[Web page caption snippets]
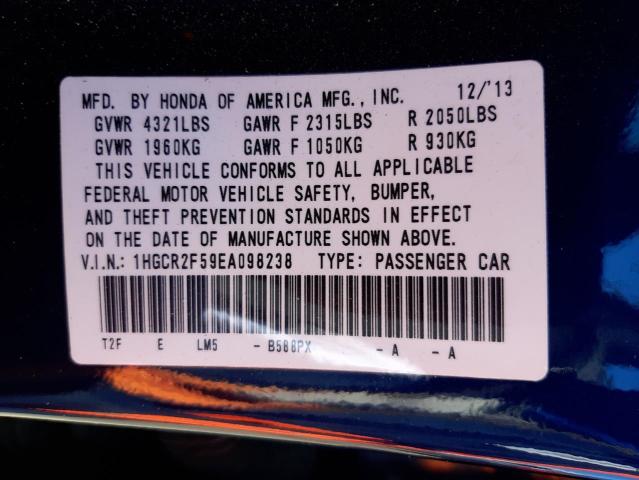 Photo 10 from auction – 2014 HONDA ACCORD SPO with VIN 1HGCR2F59EA098238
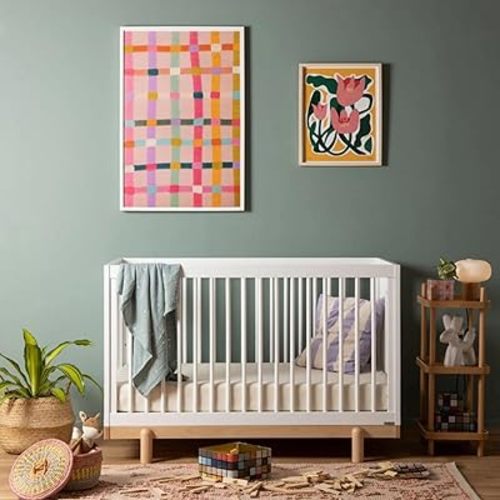dadada Baby Bliss 4-in-1 Convertible Crib to Toddler Bed & Floor Bed – Made in Italy, GREENGUARD Gold Certified, Baby-Safe Finish, Sustainable Beechwood, Modern Design (White and Natural)
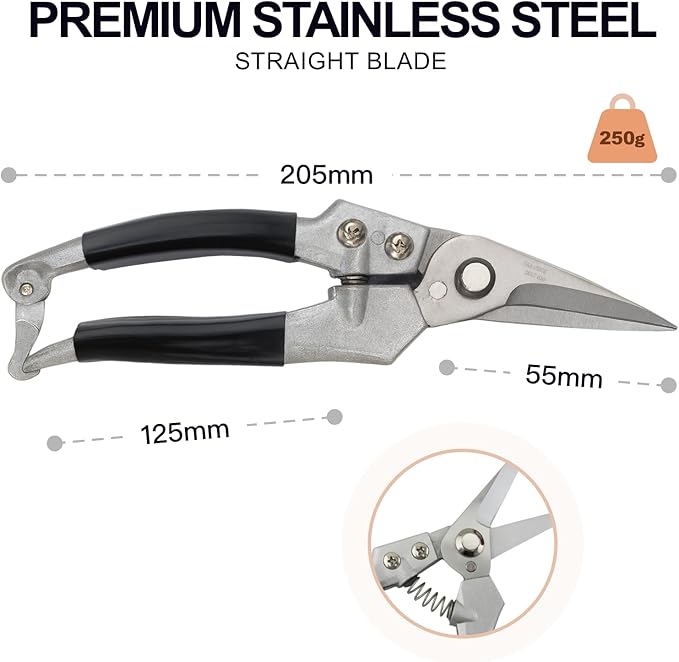 Goat Hoof Trimmers and Farrier Shears – Versatile Hoof, Wire, and Pipe Cutting Tool for Livestock – Silver (2pack)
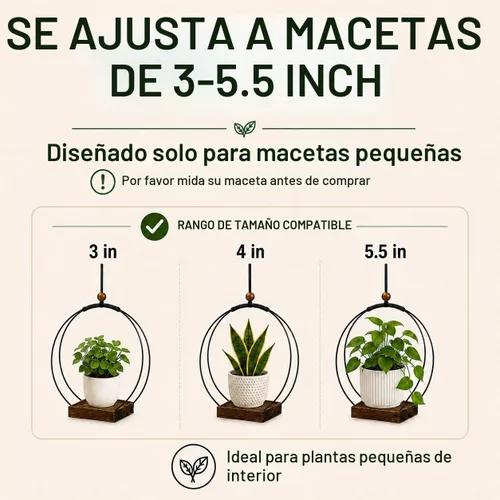 Vista 3 de Maceta colgante para plantas de interior, colgador de plantas negro para interiores con base de madera resistente, colgador de plantas de macramé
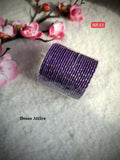 Kids Purple Glitter Bangle Set | 24-Piece_ Festive Stack (Size 2.2)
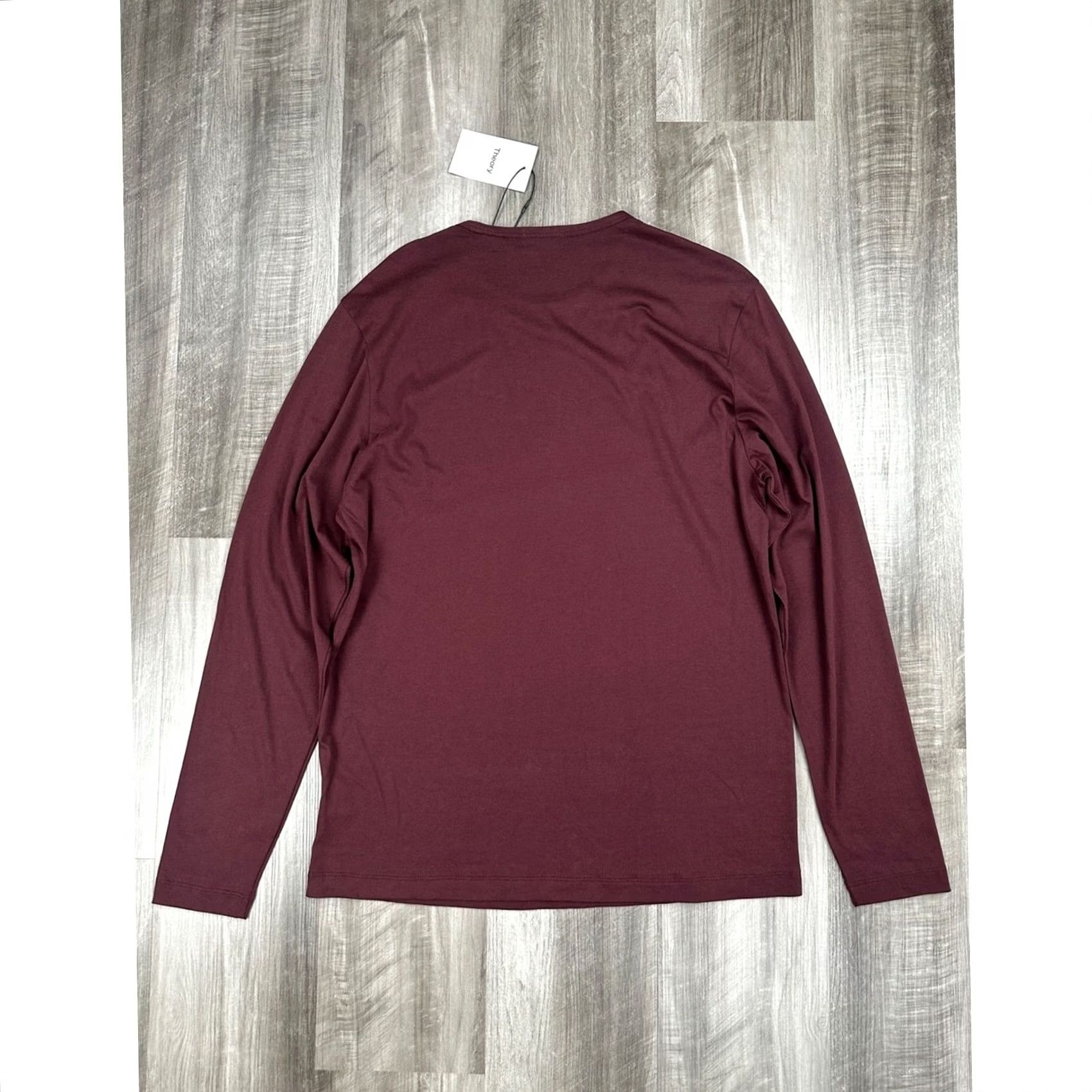 Theory Theory Luxe Cotton Jersey Precise Long Sleeve Tee - Medium Men Red Size US M / EU 48-50 / 2 - 2 Thumbnail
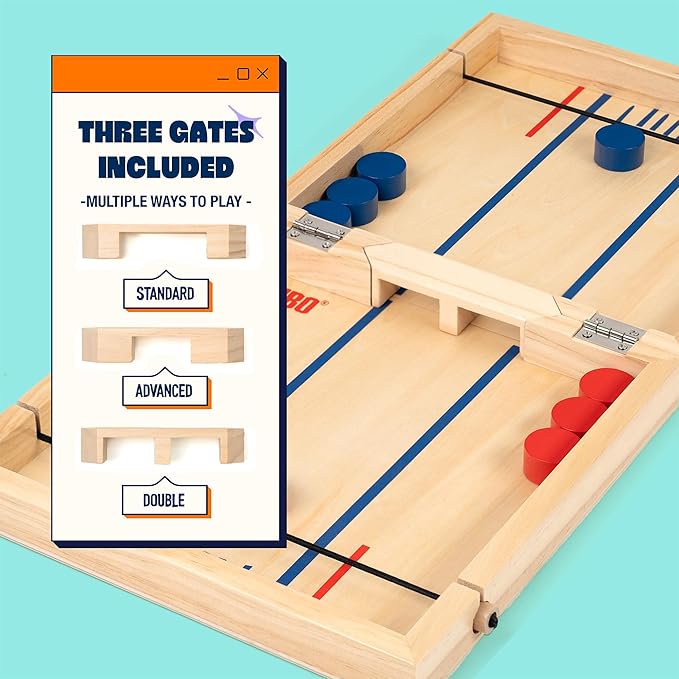 The Classic Slingshot Game | Fast Action Foldable 2-Player Tabletop Wooden Game for Kids & Adults | Great for Travel & Game Night | Three Gates Included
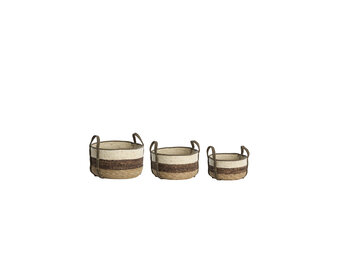 Light & Living - Mand KINSALE - Ø33x23cm - Bruin - Set van 3
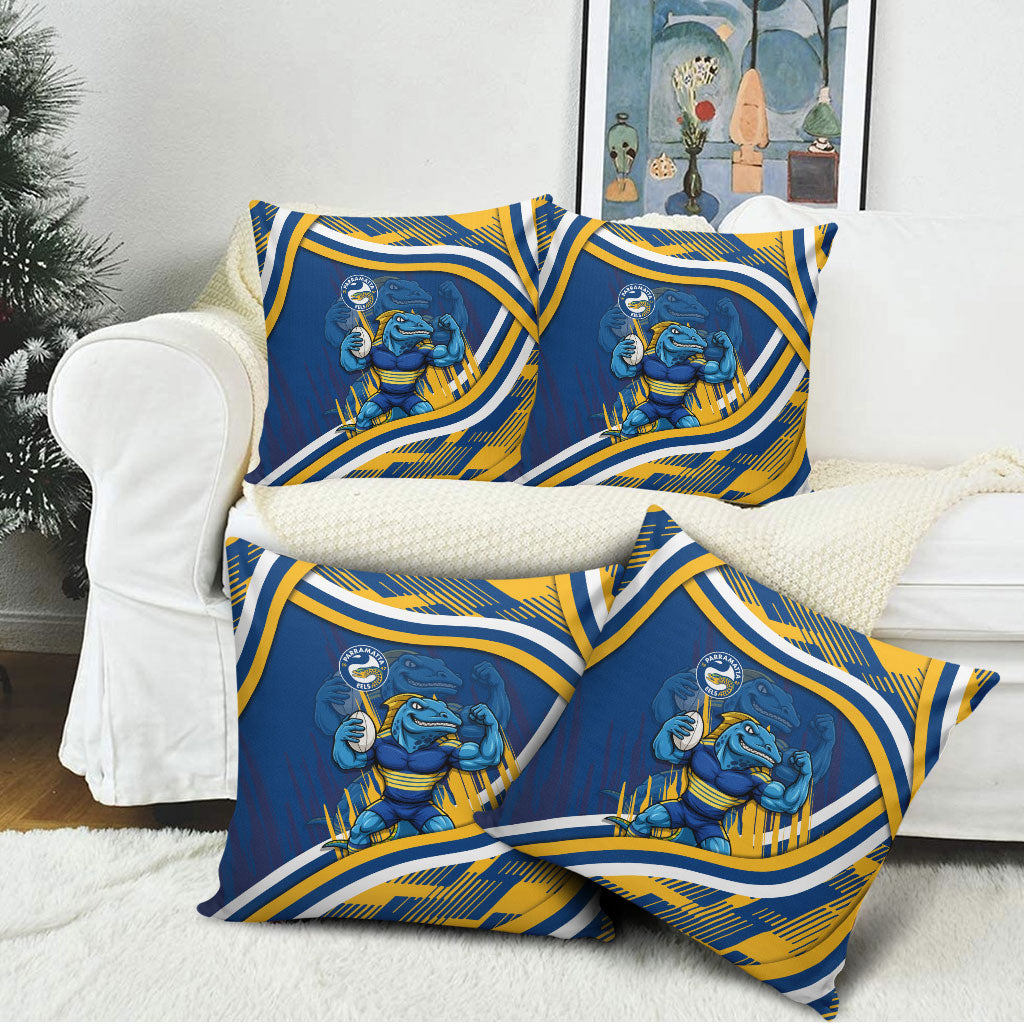 Eels Rugby Mascot Pillow Cover Fierce Athlete Graphic in Sports Style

▸ **EXERCISE DIRECTIONS**: Repeat only the lines from the line with "Kids Purple Glitter" to the end of the entries, including both the first and the last line, and drop every picture.

▸ **RESULT OF THIS TASK**:
 Kids Purple Glitter Bangle Set | 24-Piece_ Festive Stack (Size 2.2)
 Theory Theory Luxe Cotton Jersey Precise Long Sleeve Tee - Medium Men Red Size US M / EU 48-50 / 2 - 2 Thumbnail
 The Classic Slingshot Game | Fast Action Foldable 2-Player Tabletop Wooden Game for Kids & Adults | Great for Travel & Game Night | Three Gates Included
 Light & Living - Mand KINSALE - Ø33x23cm - Bruin - Set van 3
 Eels Rugby Mascot Pillow Cover Fierce Athlete Graphic in Sports Style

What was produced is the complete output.